▶ _WORK ITEM_:
The expected output is exactly the lines below, starting at the line with "Purple Ball Favor Containers 12ct" and ending at the line with "Valkoinen kulho AFRODYTA", both included; no other line belongs in it.

Extracted data entries
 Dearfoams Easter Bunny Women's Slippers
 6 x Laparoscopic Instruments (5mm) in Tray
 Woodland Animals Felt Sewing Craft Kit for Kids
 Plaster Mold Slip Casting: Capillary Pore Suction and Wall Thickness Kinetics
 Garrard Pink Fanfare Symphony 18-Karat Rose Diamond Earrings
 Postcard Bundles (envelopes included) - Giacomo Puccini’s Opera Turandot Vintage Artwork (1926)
==
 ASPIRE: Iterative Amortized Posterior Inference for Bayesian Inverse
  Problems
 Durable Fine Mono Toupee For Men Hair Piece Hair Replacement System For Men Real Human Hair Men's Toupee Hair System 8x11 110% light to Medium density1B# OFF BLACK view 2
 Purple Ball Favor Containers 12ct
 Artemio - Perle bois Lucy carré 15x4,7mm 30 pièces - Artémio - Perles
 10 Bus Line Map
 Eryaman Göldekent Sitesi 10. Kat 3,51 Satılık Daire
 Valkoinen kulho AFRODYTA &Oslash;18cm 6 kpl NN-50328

▶ _OUTPUT FOR THIS TASK_:
 Purple Ball Favor Containers 12ct
 Artemio - Perle bois Lucy carré 15x4,7mm 30 pièces - Artémio - Perles
 10 Bus Line Map
 Eryaman Göldekent Sitesi 10. Kat 3,51 Satılık Daire
 Valkoinen kulho AFRODYTA &Oslash;18cm 6 kpl NN-50328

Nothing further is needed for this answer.